Abdul Qasim Mohammad Badruddoza Chowdhury (known as AQM Badrudozza Chowdhury;  ; born 1 November 1932) served as the President of Bangladesh from 14 November 2001 until his resignation on 21 June 2002. He was the founding secretary-general of Bangladesh Nationalist Party (BNP).

He is also a physician, and former cultural activist, an author, essayist, playwright, television presenter and an orator of distinction. He was awarded the National Television Award in 1976.

Early life
Chowdhury was born in his maternal grandfather's house in Comilla. His grandfather's home is in Majidpur Dayhata, Srinagar, Bikrampur (now Munshiganj District). His father's name is Kafiluddin chowdhury former provincial minister of East Pakistan and awami league leader .He passed his SSC from St Gregory's School in 1947 and HSC from Dhaka College in 1949. He earned his MBBS degree from Dhaka Medical College in 1954–1955.
His father Kafiluddin Chowdhury was a political leader of Awami League, a former general secretary of the United Front serving as Minister in the United Front provincial cabinet of the then East Pakistan. His mother is Sufia Khatun.

Medical career
Chowdhury started his career in the medical profession.
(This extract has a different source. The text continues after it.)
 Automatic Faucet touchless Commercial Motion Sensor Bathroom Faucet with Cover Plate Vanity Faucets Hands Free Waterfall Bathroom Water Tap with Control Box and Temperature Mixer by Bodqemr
He served as an associate professor of medicine in Rajshahi Medical College in 1964 and Sir Salimullah Medical College during 1964–1970 and professor of medicine in Sylhet Medical College in 1970. He served as the president of National Anti-Tuberculosis Association of Bangladesh (NATAB), president of International Union Against Tuberculosis of Lung Diseases (IUATLD) of Asia Pacific Zone.

Political career
Being inspired by Ziaur Rahman, the founder chairman of the party, Badruddoza entered into politics as the secretary general of the BNP during its early years. He won the parliament election of 1979 as a BNP nominee from Munshiganj and served as cabinet minister during the years 1979–1982. When the BNP again won parliamentary elections in 1991, after a short stint as Education and Cultural Affairs Minister, he was appointed Deputy Leader of the House of Bangladesh parliament.

Presidency
Chowdhury was appointed the foreign minister of Bangladesh when BNP party came to power in 2001. In November 2001, he was elected the President of Bangladesh by Jatiyo Sangshad members. Seven months later the incident of him deciding not to visit BNP founder Ziaur Rahman's grave on his death anniversary provoked the party members. They accused him of betraying the party. In June 2002, Chowdhury resigned from office as was asked by the ruling party before the situation could turn any murkier.

Bikalpa Dhara
Chowdhury felt the need of a third force in the de facto two-party democracy in Bangladesh. He expressed recruiting civil society members in politics to fight corruption and terrorism and establish good governance in the country through an alternate stream (lit. Bikalpa Dhara) political party. He, along with his son Mahi B. Chowdhury and BNP parliamentarian M A Mannan resigned from the BNP to work for the new political party. Chowdhury was the president, with M A Mannan as the secretary-general of the new party, Bikalpa Dhara Bangladesh, formed in March 2004. It had been a strong critic of the government during the time, and most of its members were defects from the ruling BNP.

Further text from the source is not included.